August 31, 2012 § Leave a comment
Twice shy stretches to forever shy, at least at work. Interest in her awaits interest in me. Every thought of attempting to get to know her is shadowed by my treatment of Herself and how I have been judged for it. And she is shy, like Herself, and I don’t think I can work that hard again. She doesn’t know it, but it’s her turn. I have hope, just not in her. I have hope in the woman who doesn’t presume to know me as she thinks she knows all men; the woman who isn’t waiting for me; the woman who shows her interest; the woman who could never think of me as an obsessive monster–not before she got to know me and forgave me that past.

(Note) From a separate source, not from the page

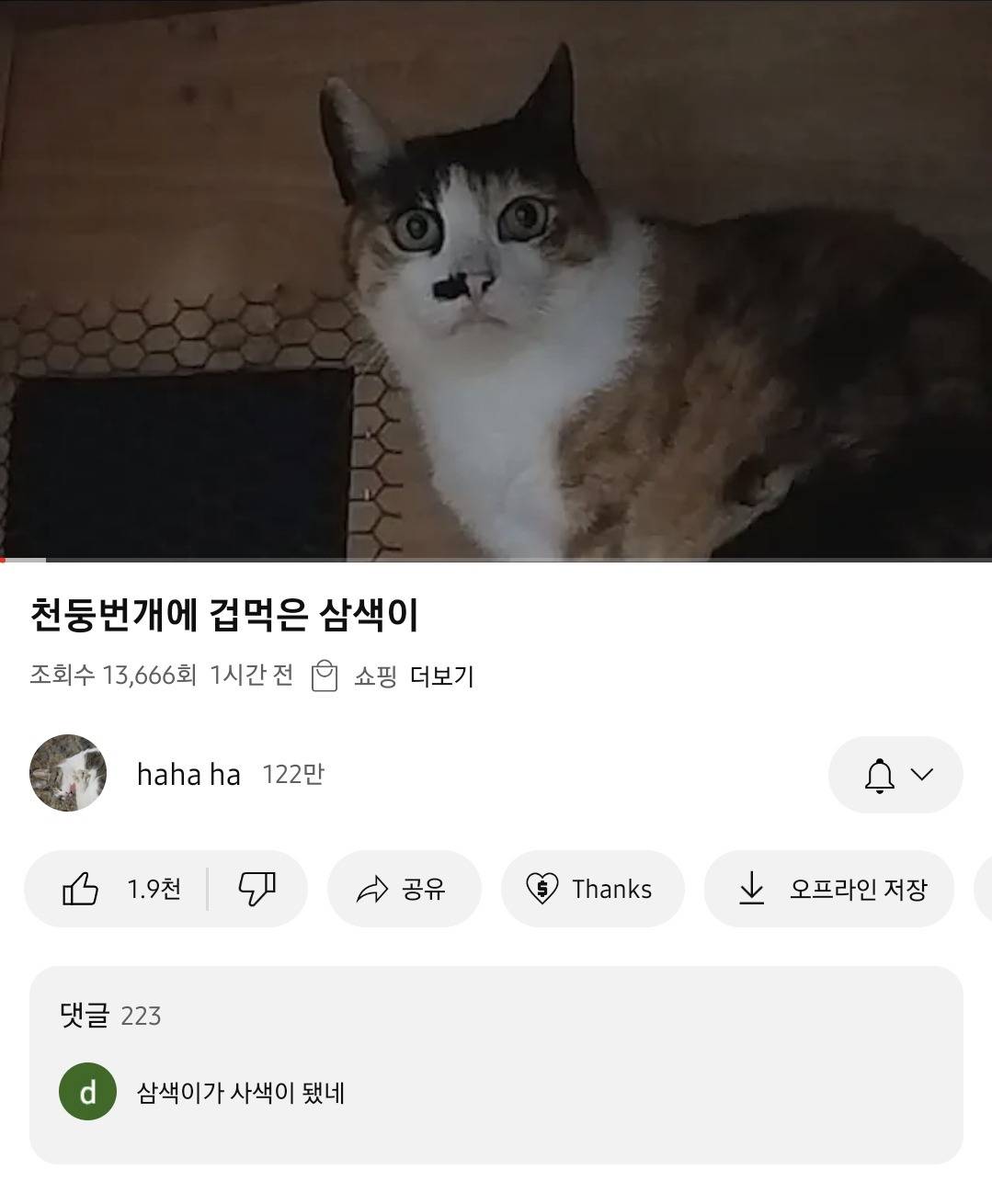 haha ha네 삼색이가 사색이 됐네.jpg | 인스티즈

July 6, 2012 § Leave a comment
I’m afraid to get closer than a flirt, but the prospect excites me. At least I can imagine it would. I want it but have no gauge of my readiness for it. Can I help but be shy about it? Can I help but try again? I will allow myself the reticence and the hope alike and vibrate to the midline–me natural. I want to not want so much as I’ve been asking for–rather, I just don’t want to ask for it (or for anything). When I can give is when I can receive. How do I do that? I want to believe that I’ve grown from all this, but I’m afraid to test it. Time will ace it–that’s me saying it, and even believing it, but compliance is in the hands of my patience, whose grasp is indifferent.